***** Supplied material

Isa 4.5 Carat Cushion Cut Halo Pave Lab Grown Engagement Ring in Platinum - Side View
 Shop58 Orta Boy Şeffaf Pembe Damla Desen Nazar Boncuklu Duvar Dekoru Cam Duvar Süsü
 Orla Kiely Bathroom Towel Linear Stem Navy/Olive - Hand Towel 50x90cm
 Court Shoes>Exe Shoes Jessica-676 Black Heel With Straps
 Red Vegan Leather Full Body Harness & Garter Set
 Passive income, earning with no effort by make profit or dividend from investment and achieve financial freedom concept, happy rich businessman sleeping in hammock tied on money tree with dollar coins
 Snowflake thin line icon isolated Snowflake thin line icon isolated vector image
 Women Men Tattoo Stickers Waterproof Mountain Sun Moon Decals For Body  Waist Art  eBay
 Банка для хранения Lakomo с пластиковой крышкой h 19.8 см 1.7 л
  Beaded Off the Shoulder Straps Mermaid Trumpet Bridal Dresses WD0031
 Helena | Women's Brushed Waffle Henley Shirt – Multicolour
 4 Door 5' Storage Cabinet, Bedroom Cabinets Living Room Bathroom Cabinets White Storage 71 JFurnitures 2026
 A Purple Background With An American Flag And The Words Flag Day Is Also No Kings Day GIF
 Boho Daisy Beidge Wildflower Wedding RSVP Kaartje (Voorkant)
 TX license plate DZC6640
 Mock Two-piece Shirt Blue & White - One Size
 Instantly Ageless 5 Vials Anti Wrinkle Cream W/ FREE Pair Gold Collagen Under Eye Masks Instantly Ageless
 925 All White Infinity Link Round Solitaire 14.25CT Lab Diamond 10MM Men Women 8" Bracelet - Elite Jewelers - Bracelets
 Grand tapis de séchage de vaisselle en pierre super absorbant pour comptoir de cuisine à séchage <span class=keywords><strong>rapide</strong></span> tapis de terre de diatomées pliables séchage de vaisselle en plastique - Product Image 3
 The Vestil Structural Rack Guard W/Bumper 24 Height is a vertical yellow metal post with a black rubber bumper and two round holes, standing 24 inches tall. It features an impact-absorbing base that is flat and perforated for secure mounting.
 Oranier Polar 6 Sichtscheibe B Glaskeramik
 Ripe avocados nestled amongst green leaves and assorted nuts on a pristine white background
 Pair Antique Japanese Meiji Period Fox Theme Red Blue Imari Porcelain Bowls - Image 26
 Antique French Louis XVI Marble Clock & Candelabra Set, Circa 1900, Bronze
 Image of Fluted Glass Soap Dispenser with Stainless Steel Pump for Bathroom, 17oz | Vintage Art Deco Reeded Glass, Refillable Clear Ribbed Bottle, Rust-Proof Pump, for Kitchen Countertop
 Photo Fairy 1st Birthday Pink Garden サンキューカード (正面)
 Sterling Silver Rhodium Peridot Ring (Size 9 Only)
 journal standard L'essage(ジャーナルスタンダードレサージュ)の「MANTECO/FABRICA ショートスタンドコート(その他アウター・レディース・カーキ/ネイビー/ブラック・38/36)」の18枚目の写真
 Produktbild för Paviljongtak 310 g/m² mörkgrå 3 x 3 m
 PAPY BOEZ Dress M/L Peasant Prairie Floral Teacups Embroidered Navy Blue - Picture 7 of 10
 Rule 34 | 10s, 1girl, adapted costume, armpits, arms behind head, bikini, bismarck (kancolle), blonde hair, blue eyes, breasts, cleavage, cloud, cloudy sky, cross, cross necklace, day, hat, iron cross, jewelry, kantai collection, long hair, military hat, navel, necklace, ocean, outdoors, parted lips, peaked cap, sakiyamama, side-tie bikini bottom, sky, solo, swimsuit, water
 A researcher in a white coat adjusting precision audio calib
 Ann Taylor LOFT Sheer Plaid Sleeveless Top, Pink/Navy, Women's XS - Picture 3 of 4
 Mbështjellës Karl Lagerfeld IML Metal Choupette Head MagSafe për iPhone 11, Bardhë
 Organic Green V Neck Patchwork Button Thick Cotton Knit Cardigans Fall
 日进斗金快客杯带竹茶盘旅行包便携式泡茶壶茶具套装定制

**********

=== Work task ===
Wherever the word "Ring" occurs in a line of the listing, copy that line.

=== Result ===
Isa 4.5 Carat Cushion Cut Halo Pave Lab Grown Engagement Ring in Platinum - Side View
 Sterling Silver Rhodium Peridot Ring (Size 9 Only)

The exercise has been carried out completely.